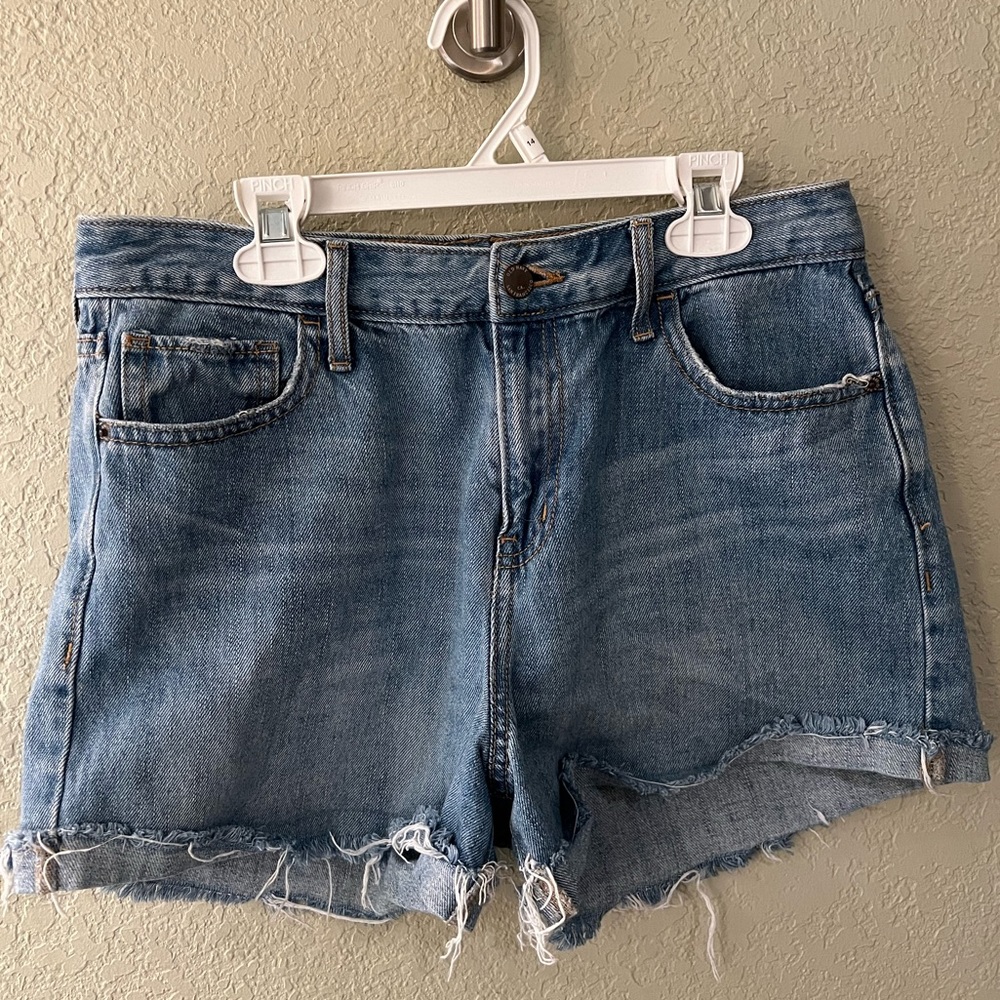 Old Navy size 6 high waisted 3” roll bottom denim shorts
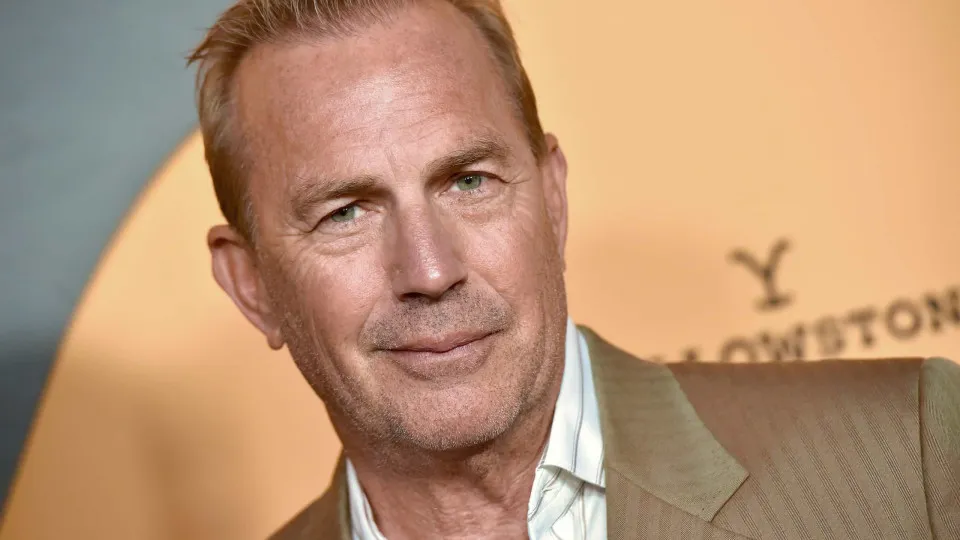 Kevin Costner acusado de dirigir cena de estupro ‘violenta e sem roteiro’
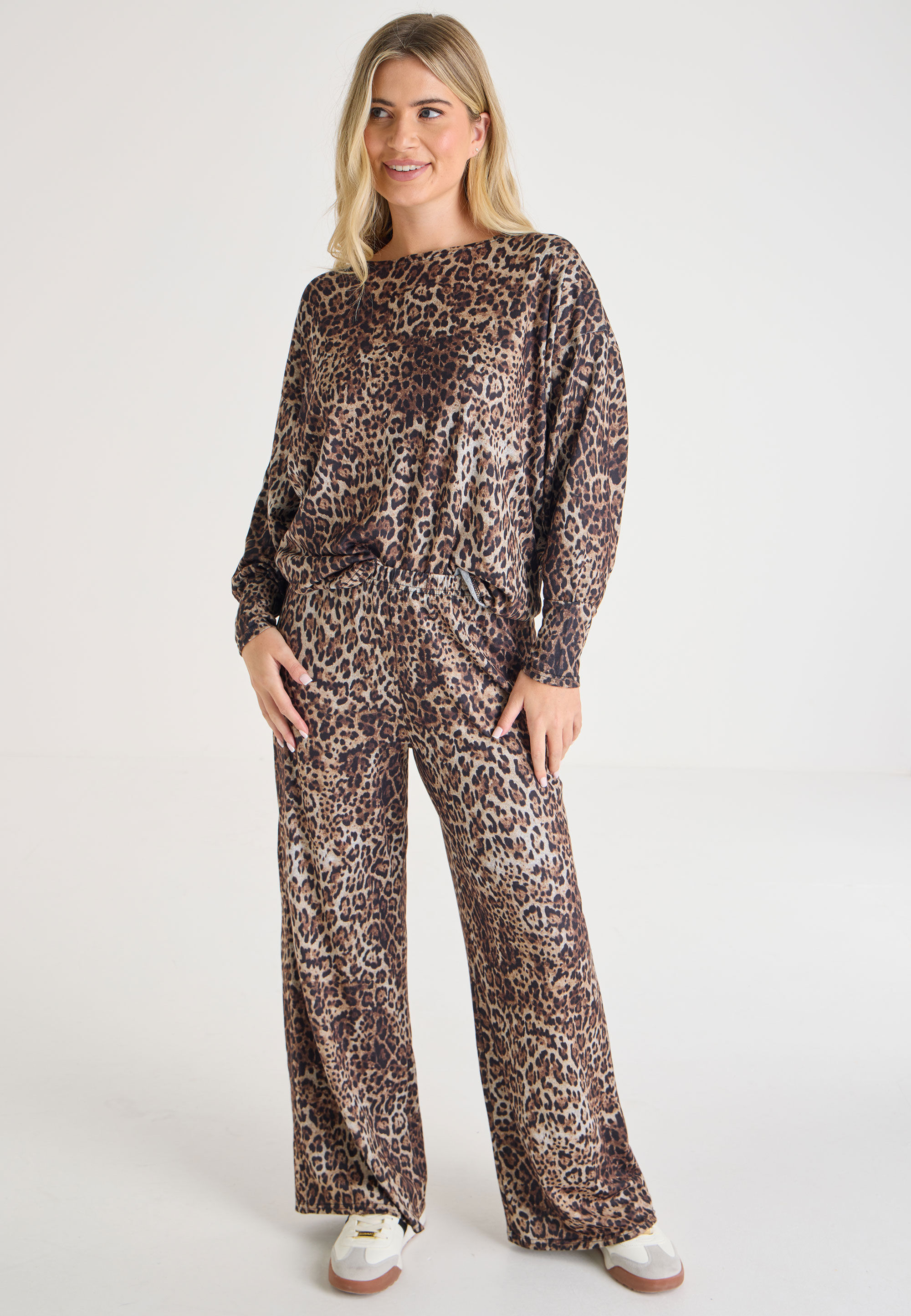 Womens Brown Leopard Print Cosy Batwing Sleeve Top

> _ASSIGNMENT_
What you return should be the full listing, unchanged, minus the pictures.

> _RESPONSE BELOW_
 Old Navy size 6 high waisted 3” roll bottom denim shorts
 Kevin Costner acusado de dirigir cena de estupro ‘violenta e sem roteiro’
 Womens Brown Leopard Print Cosy Batwing Sleeve Top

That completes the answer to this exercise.